Sign languages, each possessing distinctive linguistic patterns, are the principal means of communication for the deaf in society. Smart sensor innovations, integrated with AI and Machine Learning (ML), make wearable systems more powerful. The main goal of this research is to develop a wearable device-based sign language recognition system that uses deep convolutional neural networks to enable real-time interpretation and translation. The technical features of gesture recognition and sign-language-specific syntactic rules are highlighted using progression learning.

Glove-based systems can significantly influence numerous application fields because hand gestures are capable of conveying especially important data. Each gesture is classified using a deep learning algorithm, based on CNN, that continuously learns and extracts characteristics, employing a progression learning technique for this continuous learning process. A progression learning algorithm can be trained on this sign knowledge and correlate a certain hand gesture with its associated sign by gathering a moderate amount of information for every single word, divided and separated from the sentences, to provide an input. Progression networks are a step in the right direction since they resist forgetting and may use existing knowledge by making indirect links to previously learned elements, such as words and characters. Real-time hand gesture recognition is one of the most difficult study areas in human–computer interaction. Progression networks are an initial step towards developing a fully continuous learning agent because they have the components needed to learn several tasks sequentially while also facilitating transfer and being resistant to catastrophic forgetting.

The system should recognize sign language sentences when words are in a syntax-specific order. This means that the proposed PLD-CNN system analyzes signals, words, and the arrangement of sentences and language. The algorithm learns to recognize full phrases by interpreting sequential sign language patterns and structures through iterative improvement, improving hearing-impaired communication.

A MATLAB program was developed to prepare the inertial measurement unit (IMU) data. The IMU data are first preprocessed using a moving average filter, and then the smoothed IMU data are saved in separate CSV files. Sign languages differ by place, but they share fundamental gestures. This research develops a glove-input sign language recognition system for people in the deaf and hard-of-hearing communities. Training is performed on datasets containing several sign languages in order to address sign language variety. PLD-CNNs and HMMs help the system comprehend the rules of grammar and recognize certain gestures in order to establish a global sign language recognition system.

Figure 1 depicts the overall implementation procedure of the PLD-CNN algorithm for sign language prediction.

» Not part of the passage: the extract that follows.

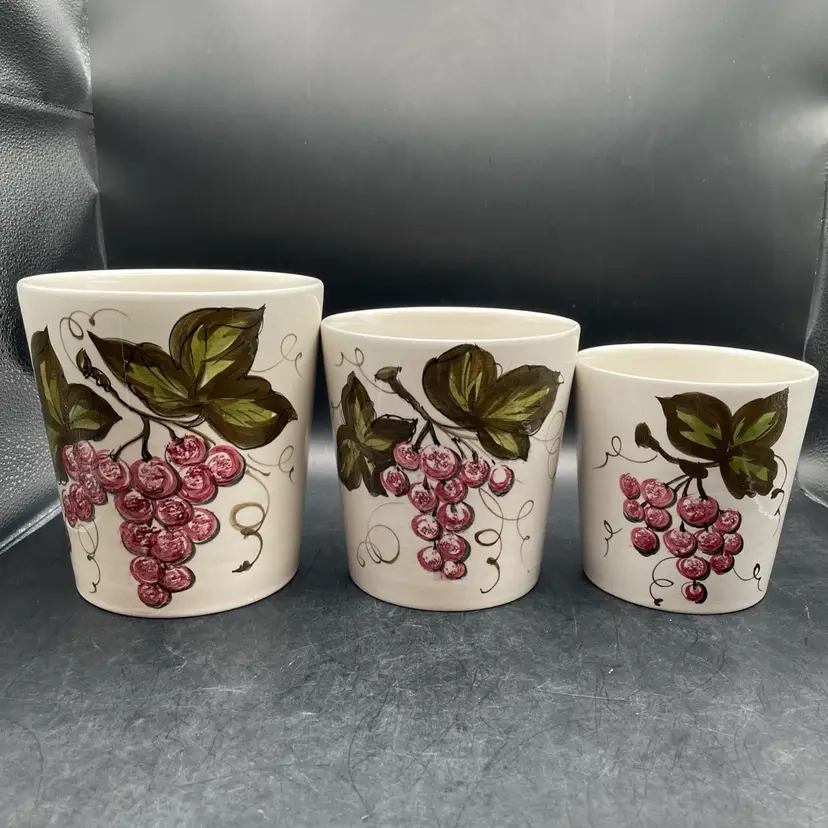 VTG Mancioli Italy Set Of 3 Planters/Vases With Grape Patterns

Figure 1 represents the structure of PLD-CNN-based sign language recognition. The system consists of several phases, such as data acquisition, preprocessing, feature extraction, sign language classification, and efficiency analysis. Initially, the data are collected from wearable glove sensors, which consist of several pieces of information. The gathered input gestures are preprocessed by examining the device measurements. Then, words are divided, and sign labels are segmented. The segmented details are fed into the feature extraction stage. The extracted features are processed using the PLD-CNN approach, which recognizes the gestures effectively.

3.1. Data Acquisition

Lightweight IMU sensors, capable of measuring accelerated and angular velocity, are selected for precise motion tracking. IMU sensors have Bluetooth communication options, allowing them to transfer information to a data collection device. An IMU sensor should be attached to each palm and every finger. It is necessary to ensure that the sensors are firmly fastened in order to reduce movement artifacts and guarantee a snug fit for the signer. Then, researchers should ensure that the sensors are positioned and aligned correctly on each finger and palm. Finally, it is necessary to calibrate the IMU sensors for the correction of any discrepancies or aberrations in their measurements.

Instead of vision-based systems, this research focused on using gloves to measure hand and finger positions or gestures. Sign language users may find this approach less natural, but it gives precision, control, adaptability to varied conditions, and accessibility. Despite potential downsides, these attributes certainly influenced our decision to use gloves for data collection.

The data are obtained from the glove sensors for use in capturing gestures from hand variations. Figure 2a and specifications detail the glove-based wearable devices used to identify varying hand gestures, like hand movements and orientations. It is necessary to gather information as soon as the wearer makes the desired finger and hand movements.

The ethical considerations related to the use of wearable devices for sign language recognition emphasize user autonomy. Along these lines, it is necessary to provide clear information about data usage policies and allow participants to make informed decisions about their involvement. These measures aim to uphold ethical standards, safeguard user privacy, and respect the autonomy of individuals involved in the study.

3.2. Data Preprocessing

A wearable glove device collects data by using technology with specified hardware details when each finger is flexed while making various sign language gestures. The operation consists of storing large quantities of information, which is viewed as noise produced by the fingers shifting positions during each gestural movement. Before being input into the network, the measurements obtained from the gloves are preprocessed and converted into the features specified in this study. The features mentioned above were meticulously chosen to capture pertinent data regarding hand movements and gestures; the network subsequently employs this information for recognition.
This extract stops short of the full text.